74. En établissant donc, comme le dit l’Apôtre, que les prédicateurs de l’Évangile devraient vivre de l’Évangile, Jésus-Christ voulait faire comprendre aux douze disciples qu’il leur fallait bannir toute inquiétude, et ne posséder ni ne porter absolument rien des choses de la vie. C’est pour cela qu’il dit : « pas même un bâton », mettant ainsi en relief ce principe que les fidèles doivent tout procurer à leurs ministres, qui du reste ne demandent rien de superflu. Et en ajoutant : « L’ouvrier en effet mérite qu’on le nourrisse », il déclarait parfaitement pourquoi et dans quel but il tenait ce langage. D’un autre côté c’est ce droit qu’il désigne sous le nom de verge lorsqu’il dit de ne rien porter en chemin que le bâton seulement ; » on pourrait exprimer ainsi brièvement sa pensée : Ne portez rien avec vous des choses nécessaires, pas même de bâton, ou le bâton seulement. Pas même de bâton, c’est-à-dire : pas même les moindres choses, ou : seulement le bâton, c’est-à-dire le pouvoir que je vous donne et en vertu duquel ce que vous ne porterez pas ne vous fera point défaut. Le Sauveur a donc recommandé également les deux choses. Mais parce que le même Évangéliste ne les a pas mentionnées dans son récit, on est porté à voir de l’opposition entre la défense de porter le bâton pris dans un sens, et l’ordre de ne porter que le bâton, pris dans un autre sens ; or notre explication doit éloigner cette idée.

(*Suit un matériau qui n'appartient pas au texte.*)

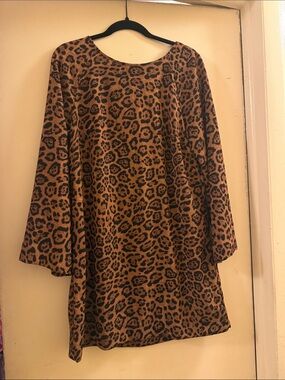 H&M Leopard Print Long-Sleeve Shift Dress in Brown and Black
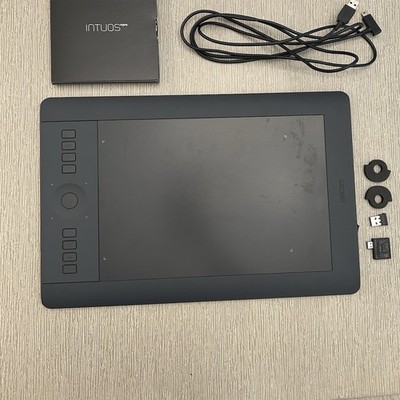 Wacom Intuos Pro Medium Tablet - Medium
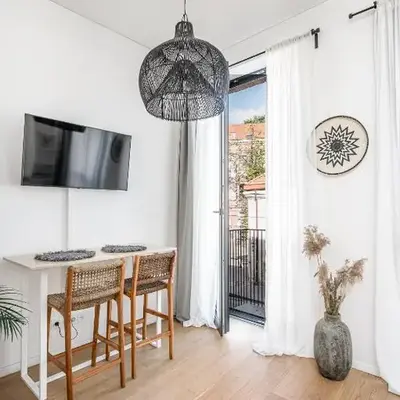 Bali style apartment with balcony near Gates of Dawn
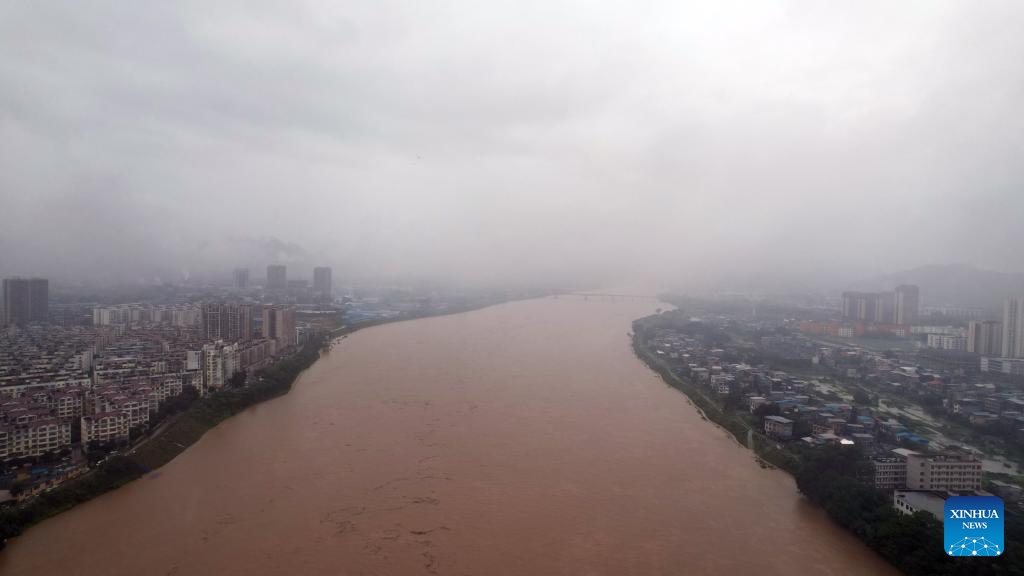 An aerial drone photo taken on June 18, 2024 shows surging water flow in the section of Rongjiang River in Rong'an County, south China's Guangxi Zhuang Autonomous Region. As of 11 a.m. Tuesday, torrential rainfall has elevated the water level in this section of Rongjiang River to 114.79 meters, or 0.19 meters above the alert line.(Photo: Xinhua)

75. Ainsi encore, en disant aux Apôtres, comme nous le lisons dans saint Matthieu, de ne point porter de chaussure avec eux, Jésus leur défendait le soin de s’en procurer et la crainte d’en manquer. C’est ainsi encore qu’il faut comprendre ce qui regarde les deux tuniques. Le Sauveur ne voulait pas qu’ils se missent en peine d’en porter une seconde pour remplacer au besoin celle dont ils étaient couverts, puisqu’ils avaient le pouvoir de s’en procurer autrement. Dès lors, si d’après le texte de saint Marc les Apôtres devaient avoir aux pieds des sandales ou des semelles, c’était pour faire ressortir une signification mystique de cette chaussure.